英国では、ISISにより破壊され失われたシリアのパルミラ遺跡の中でかろうじて原形をとどめた門のアーチのレプリカが4月19日にトラファルガー広場に建てられ、テロリズムへの勝利のシンボルとして、米国にも建てられることになっているレプリカとともに、今年の世界遺産登録週間に祝賀式典が計画されています。しかし、背後には憂慮すべき要因があるのです。
このアーチは、西暦32年にメソポタミアのベル神の神殿の入口に建てられ、聖め、奉献されたもので、パルミラの宗教生活の中心を象徴したのでした。英国民の多くが、伝統的に培われてきたユダヤ教とキリスト信仰の価値観をすでに失い、霊的、道徳的に反聖書的思潮のEUからの離脱を進めている一方で、英国の中心的指導者たちの中に、神ヤーウェが「離れるように!」と警告しているまさにそのバビロンの神に門戸を開いている者たちがいるという皮肉です。
ロンドン市庁舎には、ロンドン市の守護神として異端の神々「ゴグ、マゴグ」の像が置かれていたのですが、ドイツ空軍の急襲で破壊されたといいます。しかし、英国がローマの占領下に置かれた時代以降、これらの像は伝統的に英国に関連づけられ、奇妙なことに今日も古代ロンドン市長就任式を再現した行列には、毎年これらの偶像が運び出されるのです。
英国中至る所に、古代ギリシャやローマの偶像、彫像が満ちており、英国は、神から離れたEUから離脱する以上に、内部の聖めという大問題を抱えているようです。
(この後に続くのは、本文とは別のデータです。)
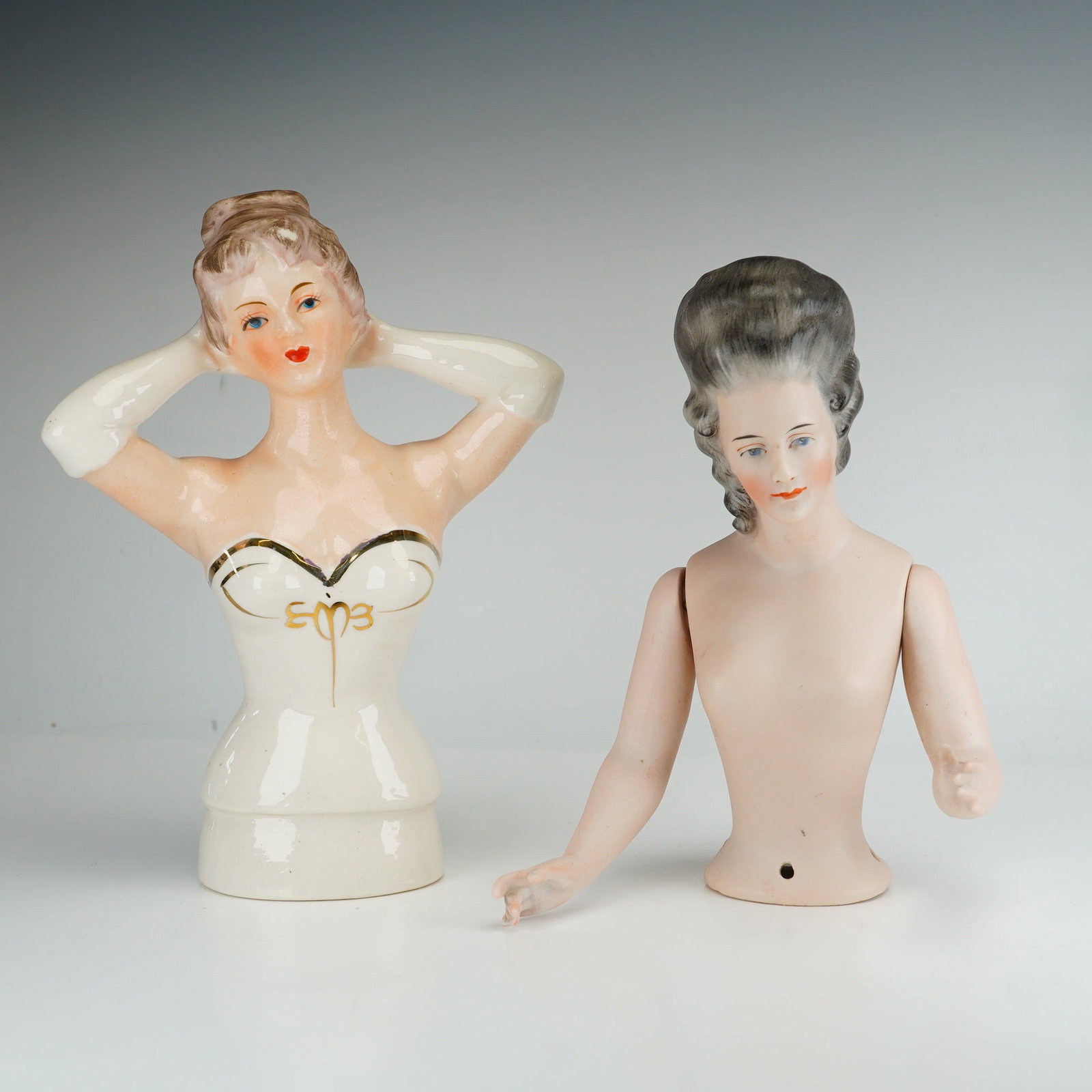 Two Porcelain and Bisque Half Dolls, Japanese and German: This lot consists of two ceramic half dolls. The first is a Japanese glazed porcelain half doll depicting a woman with brown hair in a bun and her arms positioned behind her head. She wears a white st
問題の中には神の掟からほど遠い人間の掟に書き換えられた法律書が裁判の基準として用いられるようになっていることがあり、これは、聖書に手を置いて誓われた英国国王の戴冠式の誓いへの違反でもあり、国家としてのキリスト教国英国の神への反逆の罪は聖められなければならないのです。

しかし、4月21日に九十歳の誕生日を迎えられた真摯なキリスト者のエリザベス女王が健在なかぎり、英国民は、エレミヤ書18:7-8のメッセージ
わたしが、一つの国、一つの王国について、引き抜き、引き倒し、滅ぼすと語ったその時、もし、わたしがわざわいを予告したその民が、悔い改めるなら、わたしは、下そうと思っていた災いを思い直す
に希望をつないでいます。
クリフォードは、キリスト者に今迫られていることは、未来をこの世の同盟ではなく神に委ね、愛の神が、裁きのしるしとしての災いをまだ単発的に送り、本格的な裁きの連鎖を下される前、今のときに執り成しの祈りを深め、英国民を悔い改めへと導くことであると、警告しています。主は、ご自分から離れたこの世のすべての組織、機構を揺るがされるので、もし、何らかの揺るがしが民を襲えば、それは神が立ち返るようにと喚起しておられるしるしとして捉えなければならないとは、預言者クリフォードの警告です。イスラム圏からヨーロッパへの突然の難民流入もこの意味で捉えることができるようです。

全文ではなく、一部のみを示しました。